For his part, Finnish Finance Minister Alexander Stubb even gave off an air of optimism that a solution to the Greek debt crisis could be found when the eurozone's finance ministers converge in Brussels for yet another Eurogroup meeting.
This optimism, however, was not reflected in comments from the European Commission or the Eurogroup.
""When proposals are declined, matters become more complicated," Jeroen Dijsselbloem told the Dutch press.
"The 'no' result widens the gap between Greece and other eurozone countries," said Valdis Dombrovskis.
He added that while the commission was ready to continue working with Greece, there were currently no negotiations on either the political or the technical level on a possible agreement on further financial aid to Greece.
While Greek Prime Minister Alexis Tsipras had already requested a new bail-out from the eurozone's bailout fund called the European Stability Mechanism or ESM, the Eurogroup had unanimously declined to discuss this proposal before the referendum.
German Finance Minister Wolfgang Schäuble said on Monday he was waiting for his Greek colleague to present a new proposal when the Eurogroup meets on Tuesday in Brussels.
Following the resignation of the controversial Yanis Varoufakis as finance minister, the former chief negotiator in bailout talks, Euclid Tsakalatos, will represent the Greek government as the new finance minister.
Greece in dire financial straits
Whatever a new proposal from Greece contains, it will need a fast decision as Greece's financial and economic situation is deteriorating quickly.
After negotiations had been dragging on for months, a second bail-out program expired last week on June 30, 2015, leaving Greece without financial assistance for the first time since the crisis began in May 2010.
Given its inability to tap into the remaining assets of the second bail-out, Greece has had to introduce capital controls limiting withdrawals of domestic card holders to 60 euros per day. Banks have been closed since last Monday , but were scheduled to open again this Tuesday, July 7. Reports suggest they will now stay closed until Wednesday.
Last Tuesday also saw Greece's defaulting on a roughly 1.6-billion-euro loan by the International Monetary Fund (IMF).
European Central Bank holding lifeline
Currently, it is the European Central Bank (ECB) that is holding the lifeline for Greek banks with "emergency liquidity assistance" or ELA. While the ECB has continuously increased this emergency cash, it has kept it at the level of 89 billion euros since the referendum was announced.
Assessments of how fast Greek banks would run out of cash once banks open again differ widely, with predictions ranging from a few days to several weeks.

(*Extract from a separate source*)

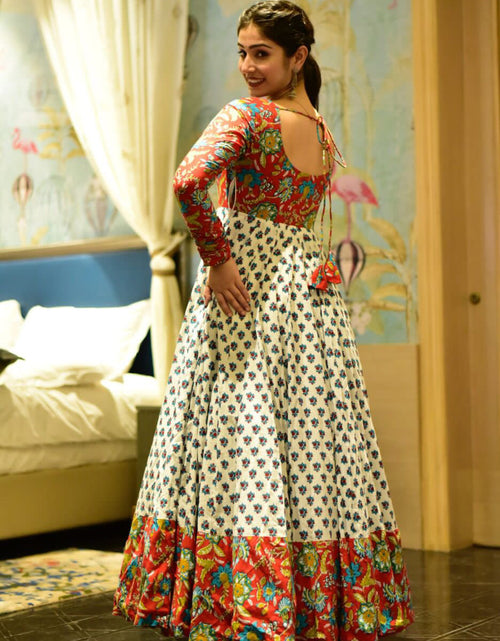 Load image into Gallery viewer, rajyogam designer gown surat
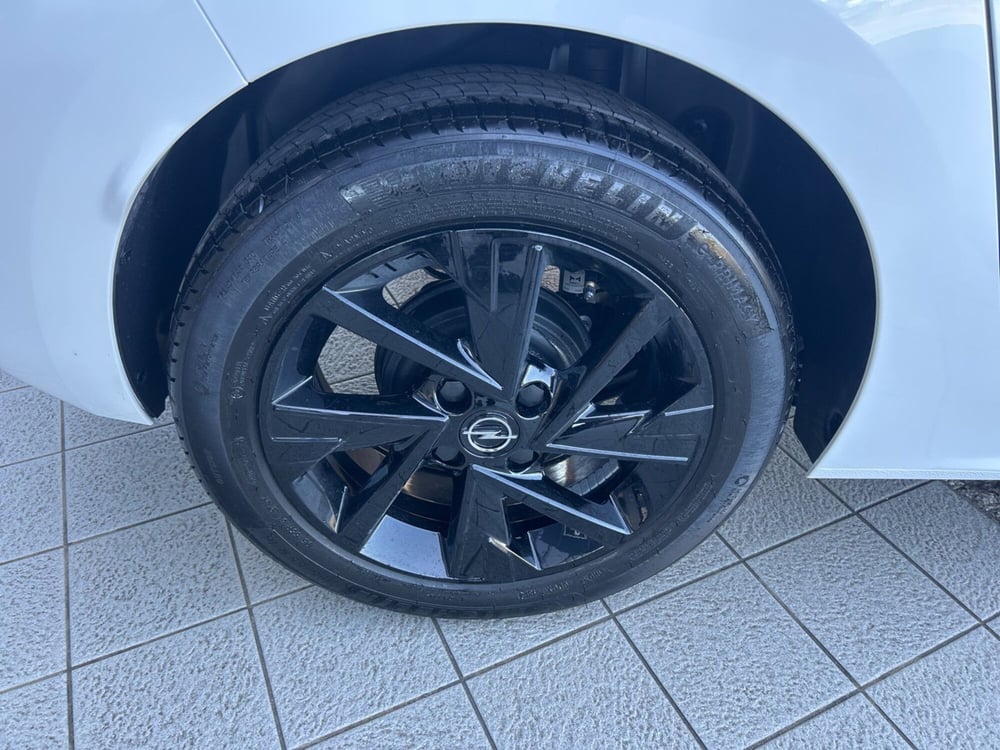 Opel Corsa nuova a Piacenza (10)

"The use of capital controls gives Greek banks more than a month of liquidity, even if the ECB does not increase emergency liquidity assistance," Diego Valiante of the Center for European Policy Studies told Deutsche Welle.
Debt one divisive issue
Any new Greek proposal is likely to include the request for debt relief, or at least a restructuring of Greece's debt.
Greece has requested a so-called haircut for many months, and the government appeared to find vindication in a recent IMF report finding that Greece's public finances were unsustainable and a haircut would be necessary.
For other eurozone countries, a haircut has been out of the question.
"Spain also has very high debt," explains Pablo Rodriguez of Spain's El Mundo Newspaper. "If Greece got its haircut, the left-wing 'Podemos' party in Spain will try to exploit that for its own campaign be very happy to campaign on getting debt relief for Spain as well in the upcoming elections."
But Daniel Gros of the Center for European Policy Studies says a final agreement could include something that would in fact amount to a haircut even though it would not be called by that name.
"In political terms, the question is whether [in the upcoming meetings] a formula is found that Alexis Tsipras can use at home to say he achieved a haircut, and that at the same time German finance minister Wolfgang Schäuble can take back and say that there was no haircut."